Volgens het Global Wage-rapport dat de ILO eind vorig jaar publiceerde, kan de loonkloof tussen mannen en vrouwen niet alleen worden verklaard door variabelen zoals onderwijs en ervaring, maar spelen er ook culturele factoren.

Volgens het Global Wage-rapport kan de loonkloof niet alleen worden verklaard door variabelen zoals onderwijs en ervaring, maar spelen er ook culturele factoren

‘Een groot deel van de arbeidskloof is het resultaat van variabelen die te maken hebben met zaken als discriminatie, stereotypering, onbewuste vooroordelen of de tijd die vrouwen en mannen aan huishoudelijke taken besteden, vaak een beperkende factor voor de prestaties op het werk’, zegt Ñopo.

Werk en gezin combineren

De Peruviaanse Clara Rivas (46) is boekhoudster. Tot 2017 werkte ze voor een openbaar bestuur, maar de moeilijkheden om werk en gezin te combineren dwongen haar ontslag te nemen.

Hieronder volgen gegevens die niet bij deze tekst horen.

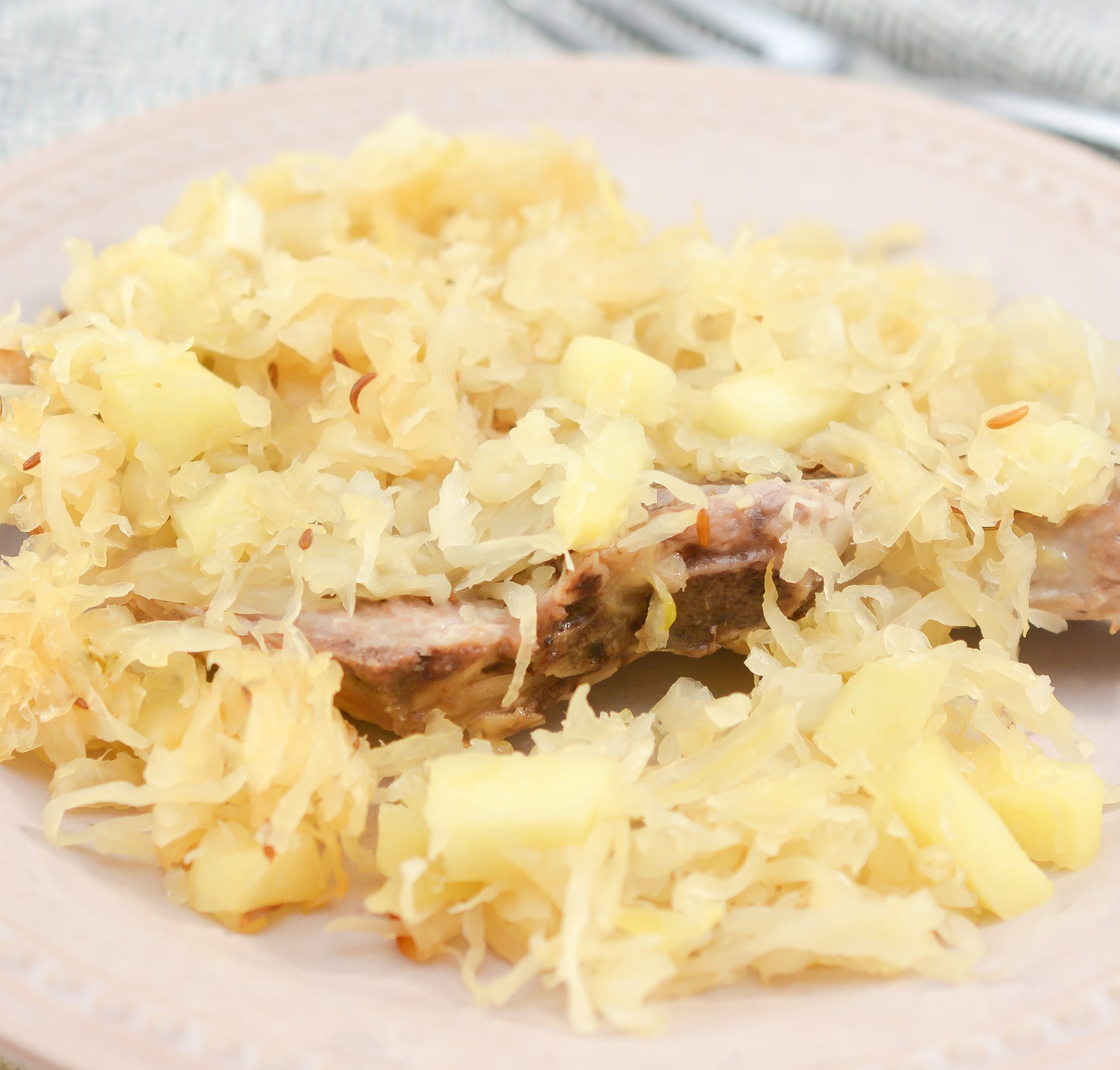 German Pork Chops And Sauerkraut Sweet Peas Kitchen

‘Het hoofd van mijn afdeling stuurde me regelmatig op inspectiereis naar het binnenland. Ik legde hem uit dat ik maar een keer per maand kon reizen omdat ik twee kleine dochters had. Maar hij zei dat hij mij geen voorkeursbehandeling wilde geven omdat ik een vrouw was. Ik vroeg de verplaatsingen om beurten met mijn collega’s te doen, maar hij wees ze altijd aan mij toe.’

De bijdrage van Latijns-Amerikaanse vrouwen aan de economie via hun werk thuis, in de zorg en in hun gemeenschap wordt niet erkend, zegt Eva Machado, de Peruaanse woordvoerster van de wereldwijde beweging Internationale Vrouwenstaking, die tijdens de Internationale Vrouwendag op 8 maart plaatsvindt.

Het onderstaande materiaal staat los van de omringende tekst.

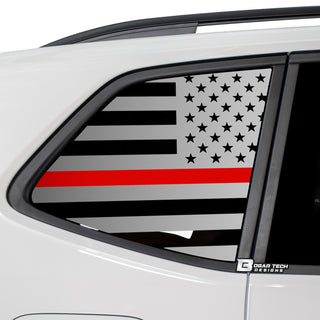 Quarter Window American Flag Vinyl Decal Stickers Fits Volkswagen Tiguan 2018 - 2024 - Bogar Tech Designs
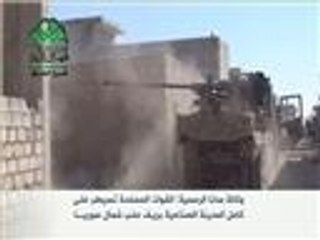 استمرار الاشتباكات بين المعارضة والجيش النظامي بحلب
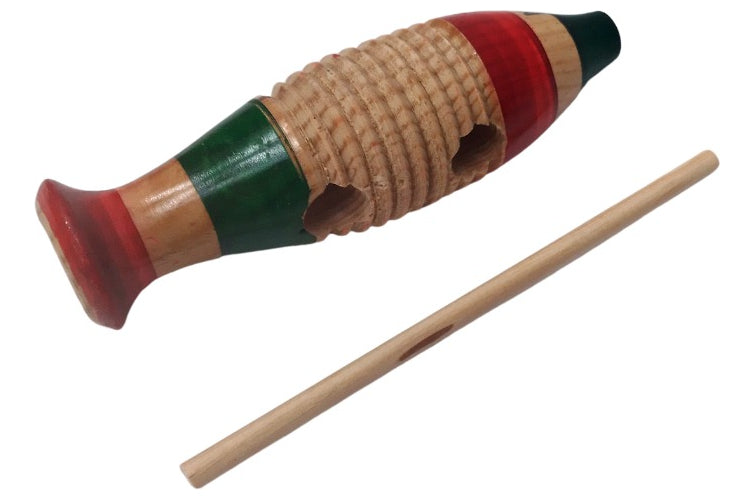 Güiro Infantil Educa Madera Marrón Con Raspador Instrumento Musical Niños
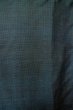 Photo5: Mint P0708E Vintage Japanese kimono Indigo Blue OSHIMA-TSUMUGI for men / Silk. Tortoise-shell pattern(Hexagonal pattern) (Grade A) (5)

De bijdrage van Latijns-Amerikaanse vrouwen aan de economie via hun werk thuis, in de zorg en in hun gemeenschap wordt niet erkend

Eva Machado

Informele economie

‘Als een formele werkneemster met arbeidsvoordelen bevind ik mij in een bevoorrechte positie, ook al maak ik alleen maar gebruik van mijn rechten. Helaas bevinden de meeste vrouwen in Peru zich niet in zo’n positie’, zegt Machado. Gemiddeld werkt 60 procent van de vrouwen in Latijns-Amerika in de informele economie, volgens gegevens van VN Vrouwen, een percentage dat in Peru 10 procentpunten hoger ligt, aldus Machado.

Bovendien komen er voor werkneemsters nog de huishoudelijke taken bij, en nemen ze ook de zorg op zich voor gezin en gemeenschap, waardoor ze eigenlijk drie banen hebben. ‘We werken meer en we verdienen minder, daarom zullen we op 8 maart, Internationale Vrouwendag, opnieuw ons motto volgen: “Als onze levens er niet toe doen, produceer dan zonder ons.’

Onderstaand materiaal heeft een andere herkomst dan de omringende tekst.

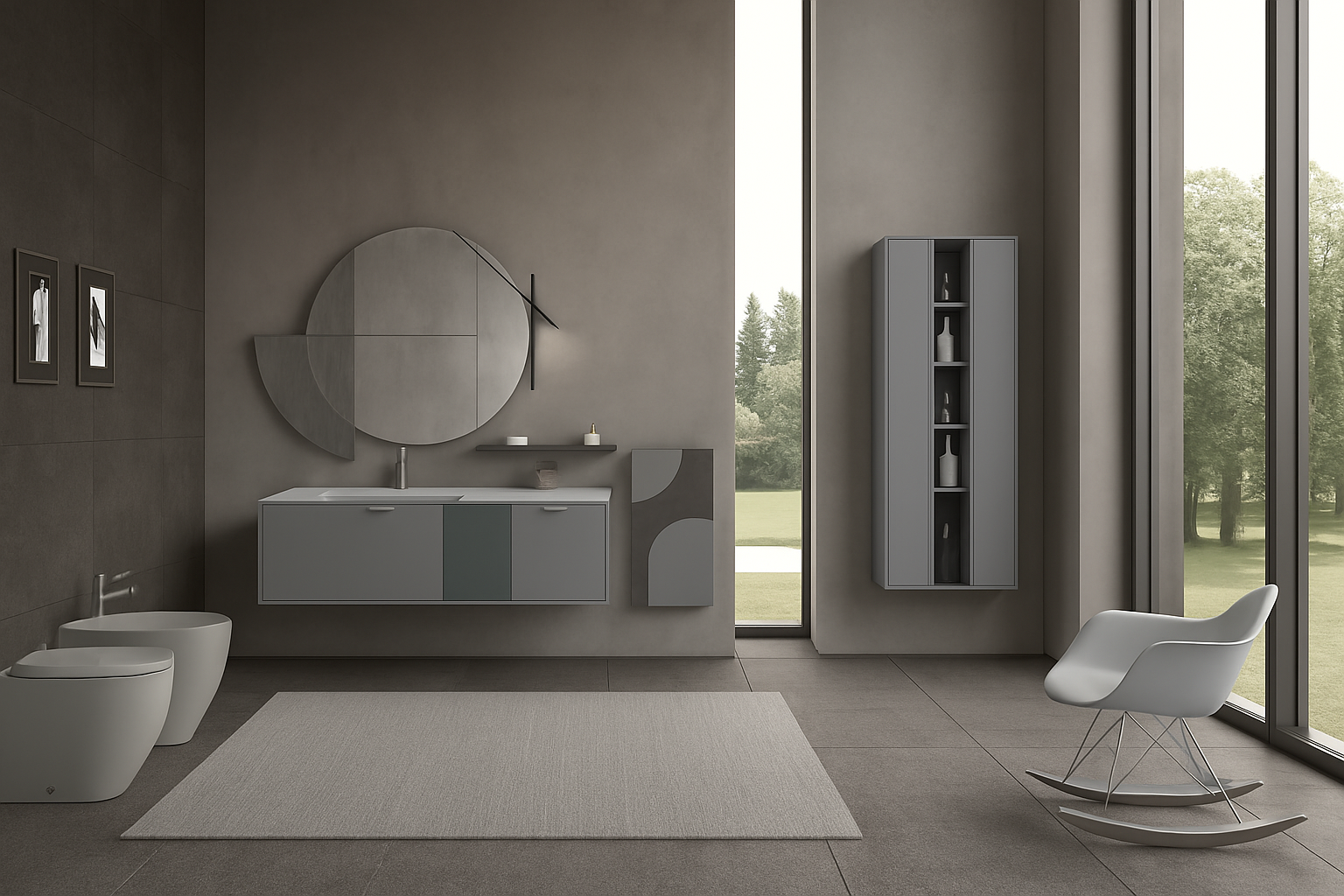 Ensemble Salle de Bain Moderne Bois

De campagne Internationale Vrouwenstaking roept vrouwen wereldwijd op om op vrijdag 8 maart minstens een uur het werk neer leggen en zo de impact van hun betaalde en onbetaalde werk duidelijk te maken.

Het probleem is dat de wetgeving niet goed wordt toegepast

SDG8

De Latijns-Amerikaanse regeringen hebben zich ertoe verbonden om de Duurzame Ontwikkelingsdoelen (SDG’s) te halen tegen 2030. SDG8, de agenda voor eerlijk werk, heeft als doelstelling 5 een gelijke vergoeding voor hetzelfde werk. Dat doel is nog ver weg.

In deze regio met 646 miljoen mensen zijn 117 miljoen vrouwen economisch actief, schat de ILO. Maar op de arbeidsmarkt kampen ze met problemen die niet alleen met wetten voor meer gelijkheid kunnen worden opgelost.

Het rapport Vrouwen, bedrijfsleven en wetgeving, dat de Wereldbank vorige maand presenteerde, somt de veranderingen op die de laatste tien jaar in 187 landen zijn gebeurd om de genderkloof op de arbeidsmarkt te verkleinen.

39 wetswijzigingen

Het rapport werkt met een index op basis van acht criteria, waaronder lonen, pensioenen, toegang tot de arbeidsmarkt en moederschap. De Latijns-Amerikaanse landen stijgen van een gemiddelde van 75,4 naar 79,09 (op een maximum van 100) op deze index, dankzij 39 wetswijzigingen die gendergelijkheid op het werk bevorderen.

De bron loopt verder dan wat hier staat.